Afghanistan is on brink of 'universal poverty,' says UN envoy
Afghanistan is at the risk of a "total breakdown" of the economy if the international community does not immediately step in and infuse money into the country, the United Nations (UN) has warned. The war-torn country's key assets and international funding have been mostly frozen since the West-backed government's fall and the subsequent Taliban takeover. The Taliban is set to form its interim government.
Millions will be pushed toward hunger and poverty: Envoy
UN special envoy on Afghanistan, Deborah Lyons, told the Security Council on Thursday that millions of more Afghans may be driven toward hunger and poverty. She added the country is already facing a slew of crises, including a tumbling currency, a sharp surge in prices of food and fuel, and a lack of cash at banks.
'The economy must be allowed to breathe'
"The economy must be allowed to breathe for a few more months, giving the Taliban a chance to demonstrate flexibility and a genuine will to do things differently this time, notably from a human rights, gender, and counter-terrorism perspective," Lyons told the 15-member UN Security Council. She, however, added that rules can be devised to ensure the funds are not misused by the Taliban.

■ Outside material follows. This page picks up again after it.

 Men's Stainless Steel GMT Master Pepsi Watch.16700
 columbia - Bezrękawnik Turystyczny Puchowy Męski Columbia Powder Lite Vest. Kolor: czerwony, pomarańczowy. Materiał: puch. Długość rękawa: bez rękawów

Afghanistan's assets and money blocked by the US, IMF
Nearly $10 billion of the Afghanistan central bank's assets, mostly held in the United States, were frozen after the collapse of the former's government. Further, the International Monetary Fund (IMF) has also blocked the Taliban from accessing close to $440 million in emergency reserves. Notably, foreign donations contributed over 75% of the public expenditure for the Afghanistan government.
Russia and China support releasing of funds
Meanwhile, countries like Russia and China have called for the release of Afghanistan's frozen assets. "Afghanistan is on the verge of an economic collapse," warned Russia's UN ambassador, Vassily Nebenzia, as he argued for the assets' release. "These assets belong to Afghanistan and should be used for Afghanistan, not as leverage for threats or restraints," said China's Deputy UN Ambassador Geng Shuang.
However, US sticks to its wait-and-watch policy
However, the US has maintained that any help will be extended based on the Taliban's actions. "The Taliban seeks international legitimacy and support. Our message is simple - Any legitimacy and support will have to be earned," US diplomat Jeffrey DeLaurentis told the Security Council.